October 31, 2013 08:22 PM

I mark lockstate as violatile, which ensures it is usable for memory locking in this example.

This is wrong assumption. From many links about, I picked one, http://en.wikipedia.org/wiki/Volatile_variable

Quote:

Operations on volatile variables are not atomic, nor do they establish a proper happens-before relationship for threading. This is according to the relevant standards (C, C++, POSIX, WIN32),[2] and this is the matter of fact for the vast majority of current implementations. Thus, the usage of volatile keyword as a portable synchronization mechanism is discouraged by many C/C++ groups.[3][4][5]

slicer4ever

6,773

Author

October 31, 2013 08:26 PM

I mark lockstate as violatile, which ensures it is usable for memory locking in this example.

This is wrong assumption. From many links about, I picked one, http://en.wikipedia.org/wiki/Volatile_variable

Quote:

Operations on volatile variables are not atomic, nor do they establish a proper happens-before relationship for threading. This is according to the relevant standards (C, C++, POSIX, WIN32),[2] and this is the matter of fact for the vast majority of current implementations. Thus, the usage of volatile keyword as a portable synchronization mechanism is discouraged by many C/C++ groups.[3][4][5]

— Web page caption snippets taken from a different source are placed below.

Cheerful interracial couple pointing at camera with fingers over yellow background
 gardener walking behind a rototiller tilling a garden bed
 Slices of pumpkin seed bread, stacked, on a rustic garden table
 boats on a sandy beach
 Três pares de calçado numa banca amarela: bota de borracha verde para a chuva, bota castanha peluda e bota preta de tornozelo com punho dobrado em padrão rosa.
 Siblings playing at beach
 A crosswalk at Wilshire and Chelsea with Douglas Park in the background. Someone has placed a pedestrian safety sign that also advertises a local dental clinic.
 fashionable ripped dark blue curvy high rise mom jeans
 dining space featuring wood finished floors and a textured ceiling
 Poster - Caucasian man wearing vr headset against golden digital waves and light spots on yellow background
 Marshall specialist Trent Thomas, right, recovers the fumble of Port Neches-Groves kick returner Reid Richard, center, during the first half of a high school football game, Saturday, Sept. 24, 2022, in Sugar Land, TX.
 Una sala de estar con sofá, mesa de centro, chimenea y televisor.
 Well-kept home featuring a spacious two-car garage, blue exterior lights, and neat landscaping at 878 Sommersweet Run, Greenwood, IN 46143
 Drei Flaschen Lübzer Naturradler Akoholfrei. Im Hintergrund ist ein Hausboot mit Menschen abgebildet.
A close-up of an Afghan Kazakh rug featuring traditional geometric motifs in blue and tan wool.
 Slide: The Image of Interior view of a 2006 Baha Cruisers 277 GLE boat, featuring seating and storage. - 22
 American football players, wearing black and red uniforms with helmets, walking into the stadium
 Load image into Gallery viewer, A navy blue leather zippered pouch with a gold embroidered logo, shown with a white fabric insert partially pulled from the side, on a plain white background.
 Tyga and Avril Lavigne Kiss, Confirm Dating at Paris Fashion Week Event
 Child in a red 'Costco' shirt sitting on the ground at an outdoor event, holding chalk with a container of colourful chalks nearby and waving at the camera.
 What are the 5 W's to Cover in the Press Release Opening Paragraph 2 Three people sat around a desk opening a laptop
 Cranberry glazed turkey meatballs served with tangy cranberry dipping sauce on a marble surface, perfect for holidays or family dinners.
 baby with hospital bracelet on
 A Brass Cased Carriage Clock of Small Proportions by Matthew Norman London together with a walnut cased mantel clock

http://msdn.microsoft.com/en-us/library/12a04hfd%28v=vs.90%29.aspx

his allows volatile objects to be used for memory locks and releases in multithreaded applications.

Check out https://www.facebook.com/LiquidGames for some great games made by me on the Playstation Mobile market.

King Mir

2,506

October 31, 2013 08:29 PM

I mark lockstate as violatile, which ensures it is usable for memory locking in this example.

@King Mir, I was thinking that the swap might be suiceptable to the pointers sitting on their own cache lines, when i do the swap, and update the lock, the other thread will likely not have the swapped pointers sitting in it's cache. hmm, this is a potentially serious problem.

It needs to be atomic. You can use aquire-release semantics instead of sequential consistency, but volitile is insufficient.

Quite the opposite, you want the data on seperate cache lines. All 4 variables need to be on their own cache line. Otherwise you could have false sharing and cache thrashing. It's not a correctness problem, but it is a performance problem.

King Mir

2,506

October 31, 2013 08:35 PM

I mark lockstate as violatile, which ensures it is usable for memory locking in this example.
This is wrong assumption. From many links about, I picked one, http://en.wikipedia.org/wiki/Volatile_variable

Quote:
Operations on volatile variables are not atomic, nor do they establish a proper happens-before relationship for threading. This is according to the relevant standards (C, C++, POSIX, WIN32),%5B2%5D and this is the matter of fact for the vast majority of current implementations. Thus, the usage of volatile keyword as a portable synchronization mechanism is discouraged by many C/C++ groups.%5B3%5D %5B4%5D %5B5%5D
http://msdn.microsoft.com/en-us/library/12a04hfd(v=vs.90).aspx

his allows volatile objects to be used for memory locks and releases in multithreaded applications.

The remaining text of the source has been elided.